Segment Start: Records provided

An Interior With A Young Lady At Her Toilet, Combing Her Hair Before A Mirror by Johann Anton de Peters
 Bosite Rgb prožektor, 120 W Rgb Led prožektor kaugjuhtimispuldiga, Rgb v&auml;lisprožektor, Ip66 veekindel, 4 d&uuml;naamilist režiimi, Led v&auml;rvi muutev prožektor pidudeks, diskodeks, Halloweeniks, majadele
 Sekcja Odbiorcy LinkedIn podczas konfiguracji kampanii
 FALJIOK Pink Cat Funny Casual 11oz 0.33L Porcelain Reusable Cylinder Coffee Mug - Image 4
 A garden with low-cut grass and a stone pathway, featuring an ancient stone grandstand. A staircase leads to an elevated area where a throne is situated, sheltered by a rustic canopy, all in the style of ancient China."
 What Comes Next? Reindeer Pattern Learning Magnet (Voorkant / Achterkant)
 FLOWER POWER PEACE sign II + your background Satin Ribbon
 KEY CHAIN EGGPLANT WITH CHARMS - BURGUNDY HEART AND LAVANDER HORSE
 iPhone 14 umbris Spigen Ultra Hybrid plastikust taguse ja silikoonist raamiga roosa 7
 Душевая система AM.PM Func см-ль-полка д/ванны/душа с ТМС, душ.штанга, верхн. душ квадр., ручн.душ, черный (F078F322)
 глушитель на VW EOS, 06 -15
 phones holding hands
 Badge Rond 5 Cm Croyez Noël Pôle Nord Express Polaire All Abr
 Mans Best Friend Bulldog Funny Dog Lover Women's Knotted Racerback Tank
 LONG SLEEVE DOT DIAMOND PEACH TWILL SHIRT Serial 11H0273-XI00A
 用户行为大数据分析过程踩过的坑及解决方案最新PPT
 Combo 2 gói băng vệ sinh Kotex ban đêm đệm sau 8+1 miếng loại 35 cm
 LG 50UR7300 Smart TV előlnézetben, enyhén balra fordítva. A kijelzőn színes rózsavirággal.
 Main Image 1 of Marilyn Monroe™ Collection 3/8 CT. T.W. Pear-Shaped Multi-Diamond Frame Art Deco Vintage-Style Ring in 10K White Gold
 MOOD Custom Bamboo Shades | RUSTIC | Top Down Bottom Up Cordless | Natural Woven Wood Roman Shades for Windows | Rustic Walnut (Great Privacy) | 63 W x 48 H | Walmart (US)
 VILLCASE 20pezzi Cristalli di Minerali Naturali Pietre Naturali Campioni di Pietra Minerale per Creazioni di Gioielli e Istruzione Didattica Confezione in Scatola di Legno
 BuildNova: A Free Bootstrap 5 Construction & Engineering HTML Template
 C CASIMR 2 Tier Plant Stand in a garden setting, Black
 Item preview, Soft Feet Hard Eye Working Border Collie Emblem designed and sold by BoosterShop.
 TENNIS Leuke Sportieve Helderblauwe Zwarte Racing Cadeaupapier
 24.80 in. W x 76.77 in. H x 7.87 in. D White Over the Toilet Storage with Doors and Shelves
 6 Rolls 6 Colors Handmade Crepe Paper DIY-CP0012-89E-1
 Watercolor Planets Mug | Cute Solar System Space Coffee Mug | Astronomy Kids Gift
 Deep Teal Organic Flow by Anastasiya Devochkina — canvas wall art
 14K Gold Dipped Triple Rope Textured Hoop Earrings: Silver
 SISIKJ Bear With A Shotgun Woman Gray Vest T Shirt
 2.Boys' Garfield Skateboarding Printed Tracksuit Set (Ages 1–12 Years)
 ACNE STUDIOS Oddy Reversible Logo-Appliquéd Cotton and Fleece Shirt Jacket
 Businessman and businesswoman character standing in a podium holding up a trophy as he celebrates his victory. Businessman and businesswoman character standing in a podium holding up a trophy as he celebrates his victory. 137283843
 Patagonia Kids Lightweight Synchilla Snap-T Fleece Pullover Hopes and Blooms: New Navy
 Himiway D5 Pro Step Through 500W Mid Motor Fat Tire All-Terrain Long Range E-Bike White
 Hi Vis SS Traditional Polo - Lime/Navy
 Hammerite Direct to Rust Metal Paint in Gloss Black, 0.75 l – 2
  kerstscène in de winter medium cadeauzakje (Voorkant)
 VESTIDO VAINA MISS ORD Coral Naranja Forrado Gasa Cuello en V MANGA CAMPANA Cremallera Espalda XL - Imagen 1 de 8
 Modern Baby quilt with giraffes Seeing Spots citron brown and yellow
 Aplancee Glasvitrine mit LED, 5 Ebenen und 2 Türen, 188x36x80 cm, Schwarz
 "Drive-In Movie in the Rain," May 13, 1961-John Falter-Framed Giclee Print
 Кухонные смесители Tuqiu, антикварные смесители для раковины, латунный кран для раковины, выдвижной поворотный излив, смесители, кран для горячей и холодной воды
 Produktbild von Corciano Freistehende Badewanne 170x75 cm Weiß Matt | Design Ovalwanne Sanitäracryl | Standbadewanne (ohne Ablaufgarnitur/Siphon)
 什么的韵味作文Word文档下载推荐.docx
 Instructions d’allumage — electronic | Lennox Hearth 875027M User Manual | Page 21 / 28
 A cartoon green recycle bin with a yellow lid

Segment End: Records provided

§ **Work request**
Copy out, from the material above, each line in which the string "holding" is found.

§ **Response for this exercise**
 phones holding hands
 Businessman and businesswoman character standing in a podium holding up a trophy as he celebrates his victory. Businessman and businesswoman character standing in a podium holding up a trophy as he celebrates his victory. 137283843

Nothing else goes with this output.